When cholera did break out in Britain Farr believed, like Chadwick, that it was caused by miasma.


When cholera did break out in Britain, Farr believed, like Chadwick, that it was caused by miasma.

  • 1
    "Me and a friend...." → A friend and I. Wouldn't say Me is arguing, you would say, I am arguing. It's a simple trick to get it right. Usually, I believe as a courtesy, we list the friend first, so it reads, A friend and I. Apr 12, 2022 at 14:58

3 Answers 3


The comma you add is not required; the author probably felt that putting it in would make the sentence choppy and harder to follow.

But I think the comma is advisable, to make the syntax clearer. I would rather eliminate the commas bracketing like Chadwick, which is a very light phrase which does not seriously obscure the syntax.
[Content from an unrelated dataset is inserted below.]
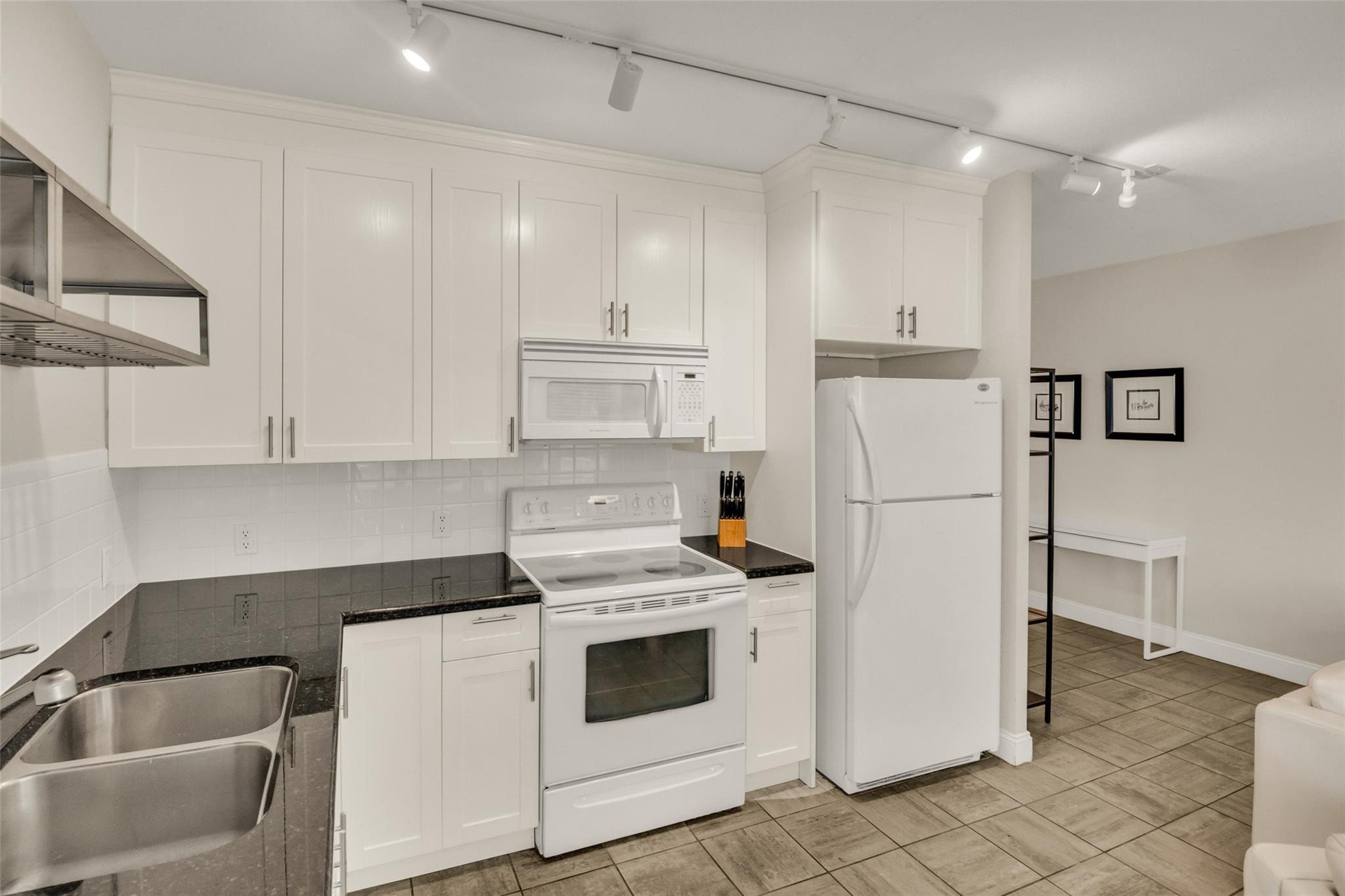 615 South Riverside Drive, Unit 8 Pompano Beach, FL 33062 - Photo 13 of 33 Photo 13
Alternatively, like Chadwick could be bracketed in parentheses.

  • Comprehension would be greatly improved by saying "Like Chadwick, Farr believed that when cholera did break out in Britain, it was caused by miasma."
    – WS2
    Nov 29, 2022 at 8:04

I would write the sentence as follows, just to avoid that Britain Farr is parsed as single noun. (When the reader reaches believed, it is clear that Farr is the subject of believed, though.)

When cholera did break out in Britain, Farr believed (like Chadwick) that it was caused by miasma.

In the same way, I would write the following sentence with a comma (but for other reasons).

When you see him, give him this note.

  • Parens indicate a consideration seriouly different to the flow of or segmented from the intent of their container {insert either: (such a this sentence) or , such as this sentence,}. Often parenthetical phrases are inserted to include a definition or link to another source for further information (supplemental context: see proofreadingpal.com (etc.)) Apr 12, 2022 at 15:11

I would use the extra comma, based on this guidance found in the Purdue OWL:

Use commas after introductory a) clauses, b) phrases, or c) words that come before the main clause.

So, for the purposes of determining whether or not there should be a comma, let's rephrase your sentence:

When cholera did break out in Britain, something happened.

As the Purdue OWL goes on to say, “introductory clauses are dependent clauses that provide background information or "set the stage" for the main part of the sentence, the independent clause.” In this case, the main phrase is the part we just shortened to “something happened”:

Farr believed that it was caused by miasma.

I would follow the OWL's guidance, and put a comma at the end of the introductory clause that starts your sentence.